Supplied records below:

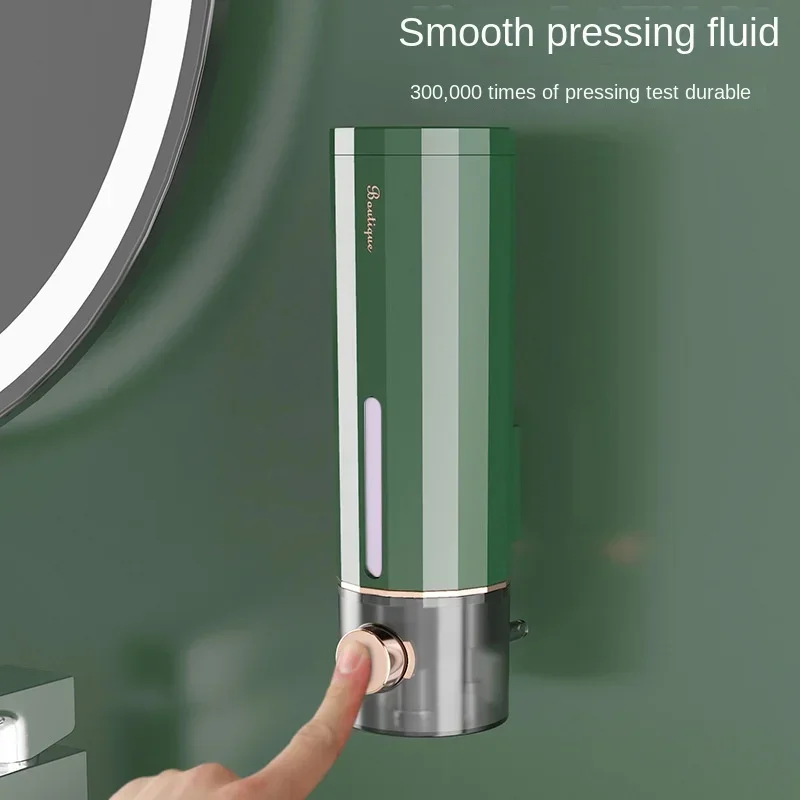 

Soap Dispenser Manually Press Wall-Mounted Bathroom Shampoo Shower Gel Hand Sanitizer Multi-Head Dispenser Accessories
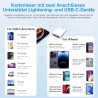Adaptateur lecteur de carte SD pour iPhone, USBC SD Card Reader Lightning to Memory Card Camera Reader Adaptateur carte microSD 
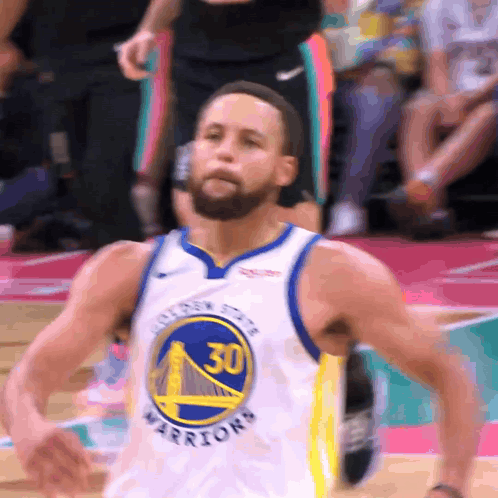 Stephen Curry Golden State Warriors Number 30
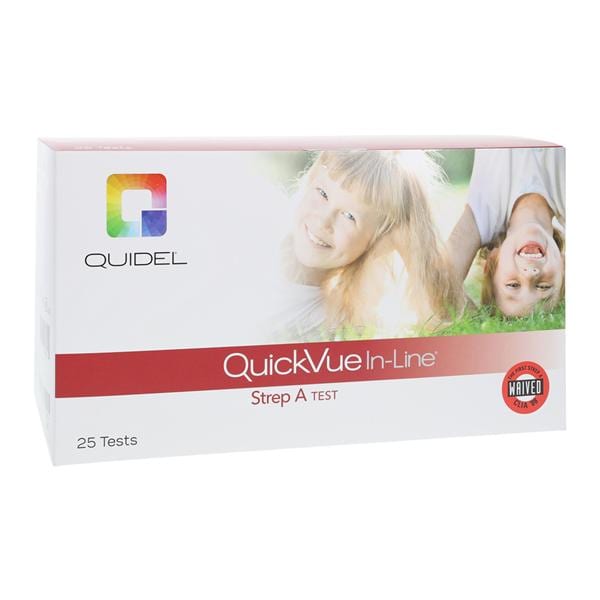 Quickvue In-Line Strep A Test Kit CLIA Waived 25/Bx, 12 BX/CA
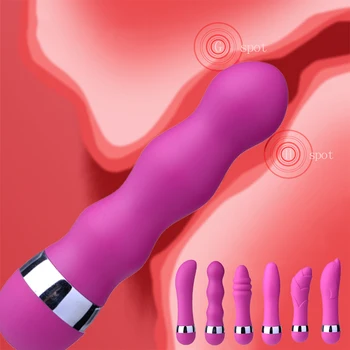 Mini G Spot Vibratorius Klitorio Stimuliatorius Sekso Žaislai Moteris AV Stick Analinis Granulės Vibratorius Massager Moterų Masturbator Priedai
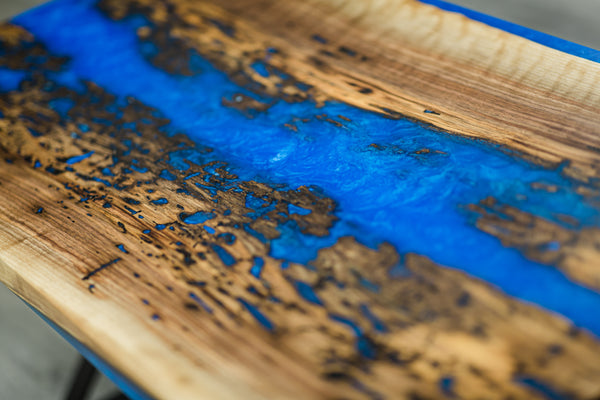 Coffee Table Black Walnut/ Rainbow Blue - COFFTBL - RNBL - 003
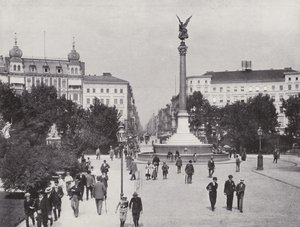Belle-Alliance-Platz og Friedrich-Strasse (s/hvitt-bilde) av Photographer German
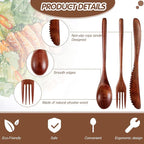 Geiserailie 24 Pcs Wooden Utensils - Image 3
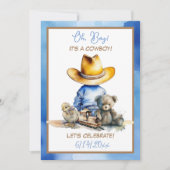 Invitation Petit Cowboy Baby shower À Thème (Devant)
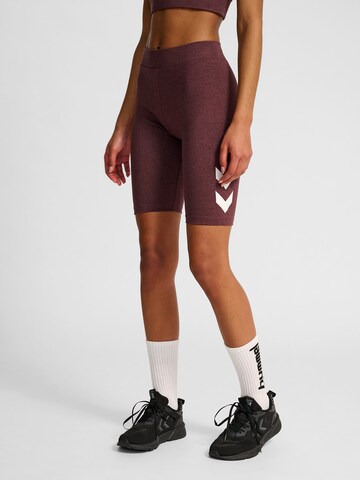 Hummel Skinny Sportsbukser 'Pulse' i brun: forside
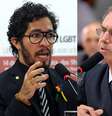 <p>Jean Wyllys e Jair Bolsonaro representam lados opostos da discussão sobre o casamento gay</p>  Foto: Agência Câmara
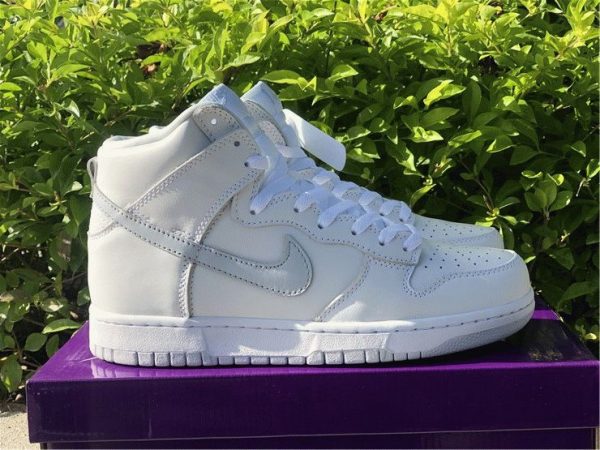 Nike Dunk High White Pure Platinum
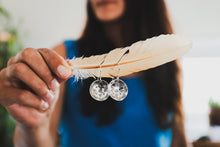 Load image into Gallery viewer, Sterling Disk Dangles
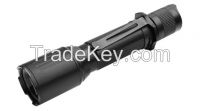 Rechargeable Zooming Power Led Aluminum Torch with Metal Clip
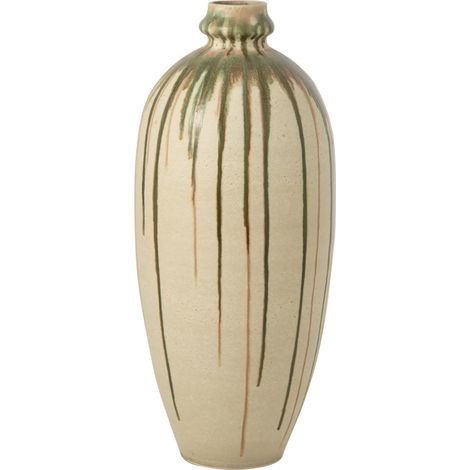 Vase Haut en Céramique "Oliveto" 95cm Beige & Vert (1/3)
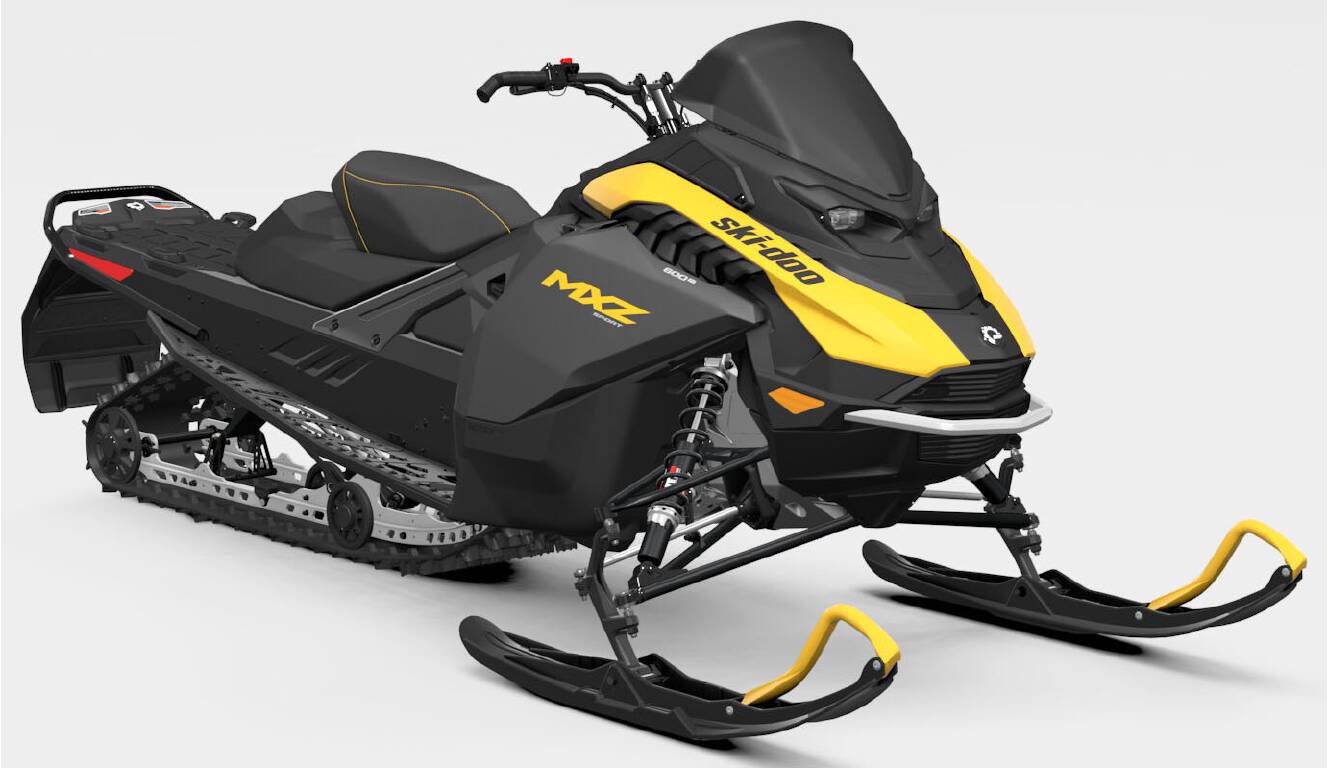 A photo of this 2027 Ski-Doo MXZ Sport 137 600 EFI ES RipSaw 1.25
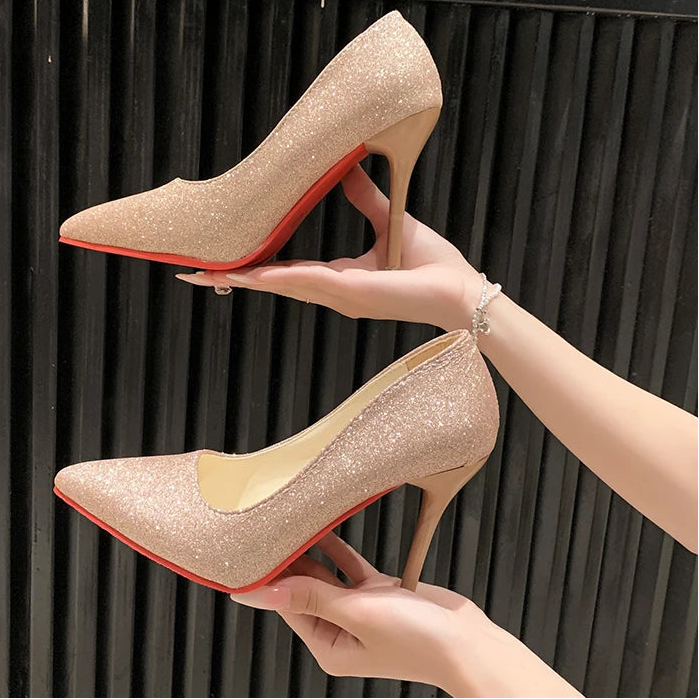 Metallic Gold/Silver Party Pumps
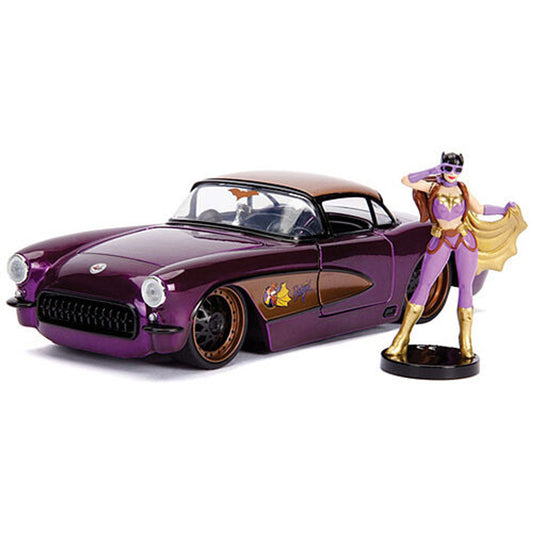 Batgirl 1957 Corvette Bombshell 1:24 Scale Diecast Model by Jada Toys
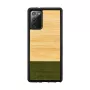 Beschermhoes Man and Wood Galaxy Note 20 — bamboebos zwart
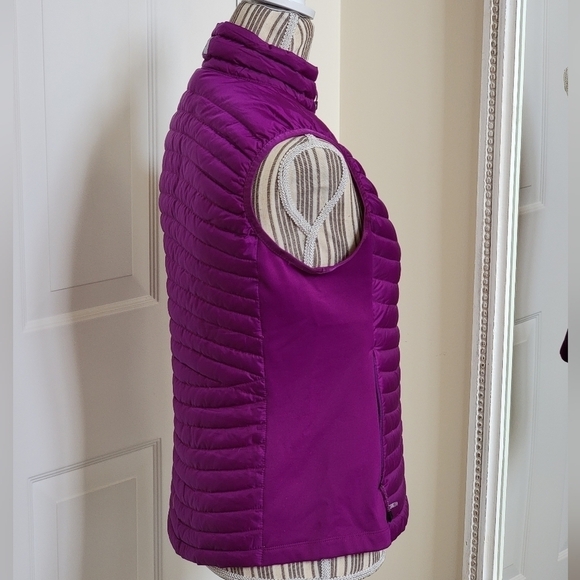 Eddie Bauer Women's Plum MicroTherm® 2.0 Down Vest Small - Picture 5 of 9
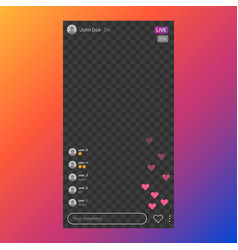 Instagram Stream Interface Social Media Live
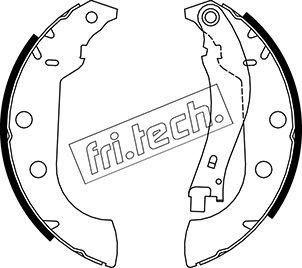 Fri.Tech. 1079.190 - Комплект тормозных колодок, барабанные autodnr.net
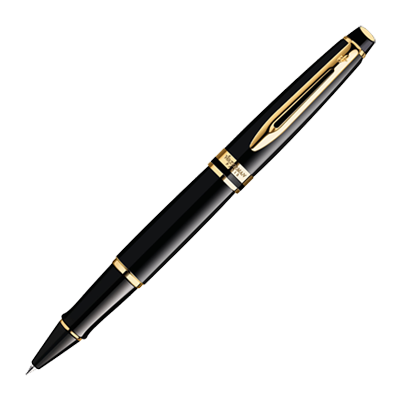 Waterman Rollerball Expert Black F Sch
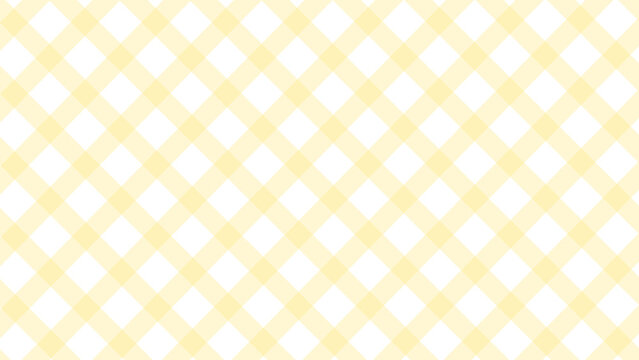 Diagonal yellow checkered plaid in the white background	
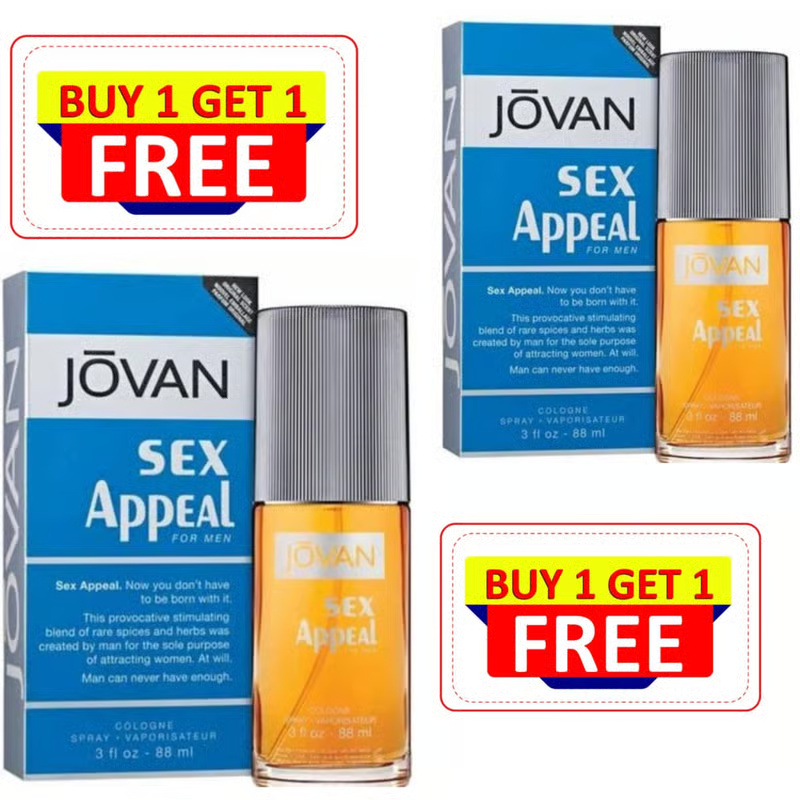 Jovan Sex Appeal 88ML Unisex Perfume Spr...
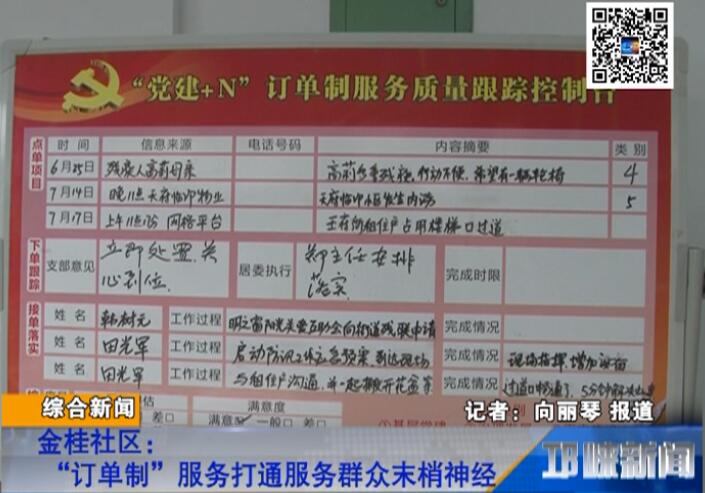 【20180724】金桂社区：“订单制”服务打通服务群众末梢神经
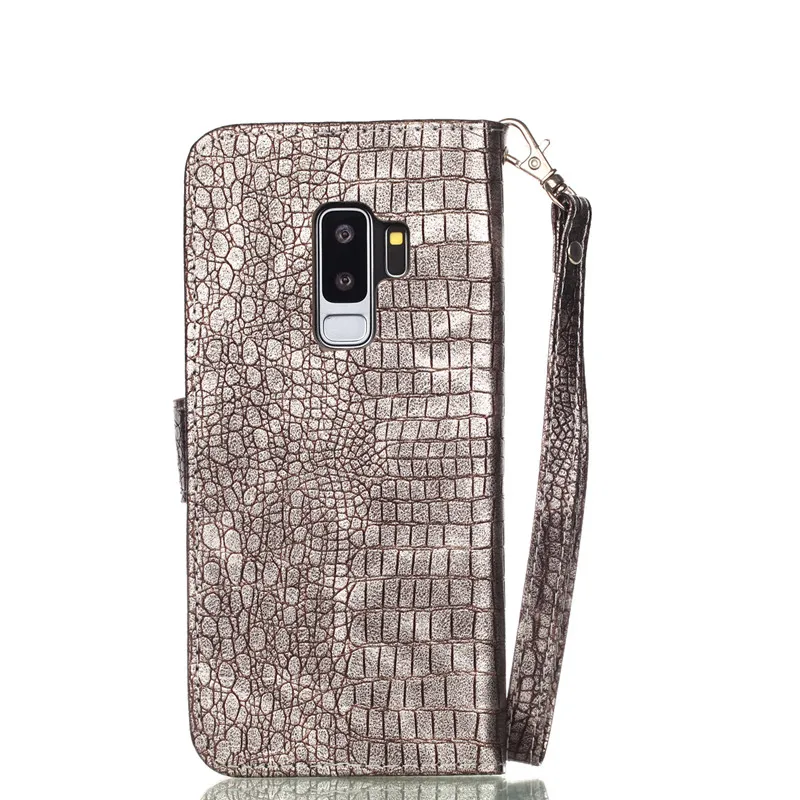 Wekays для samsung S9 Plus бизнес крокодил кошелек из змеиной кожи кожаный чехол для Fundas samsung Galaxy S9 Plus чехол S9 Plus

End of Supplied records.

Set the preceding data down again word for word, omitting images.

:: Solution to this exercise ::
Soap Dispenser Manually Press Wall-Mounted Bathroom Shampoo Shower Gel Hand Sanitizer Multi-Head Dispenser Accessories
Adaptateur lecteur de carte SD pour iPhone, USBC SD Card Reader Lightning to Memory Card Camera Reader Adaptateur carte microSD 
 Stephen Curry Golden State Warriors Number 30
 Quickvue In-Line Strep A Test Kit CLIA Waived 25/Bx, 12 BX/CA
 Mini G Spot Vibratorius Klitorio Stimuliatorius Sekso Žaislai Moteris AV Stick Analinis Granulės Vibratorius Massager Moterų Masturbator Priedai
 Coffee Table Black Walnut/ Rainbow Blue - COFFTBL - RNBL - 003
Belle-Alliance-Platz og Friedrich-Strasse (s/hvitt-bilde) av Photographer German
 Geiserailie 24 Pcs Wooden Utensils - Image 3
 Invitation Petit Cowboy Baby shower À Thème (Devant)
 Hummel Skinny Sportsbukser 'Pulse' i brun: forside
 <p>Jean Wyllys e Jair Bolsonaro representam lados opostos da discussão sobre o casamento gay</p>  Foto: Agência Câmara
 Nike Dunk High White Pure Platinum
 Load image into Gallery viewer, Sterling Disk Dangles
 Rechargeable Zooming Power Led Aluminum Torch with Metal Clip
 Vase Haut en Céramique "Oliveto" 95cm Beige & Vert (1/3)
 A photo of this 2027 Ski-Doo MXZ Sport 137 600 EFI ES RipSaw 1.25
 Metallic Gold/Silver Party Pumps
 Batgirl 1957 Corvette Bombshell 1:24 Scale Diecast Model by Jada Toys
 Beschermhoes Man and Wood Galaxy Note 20 — bamboebos zwart
 Eddie Bauer Women's Plum MicroTherm® 2.0 Down Vest Small - Picture 5 of 9
 Instagram Stream Interface Social Media Live
 Fri.Tech. 1079.190 - Комплект тормозных колодок, барабанные autodnr.net
 Waterman Rollerball Expert Black F Sch
 Diagonal yellow checkered plaid in the white background	
 Jovan Sex Appeal 88ML Unisex Perfume Spr...
 【20180724】金桂社区：“订单制”服务打通服务群众末梢神经
 Wekays для samsung S9 Plus бизнес крокодил кошелек из змеиной кожи кожаный чехол для Fundas samsung Galaxy S9 Plus чехол S9 Plus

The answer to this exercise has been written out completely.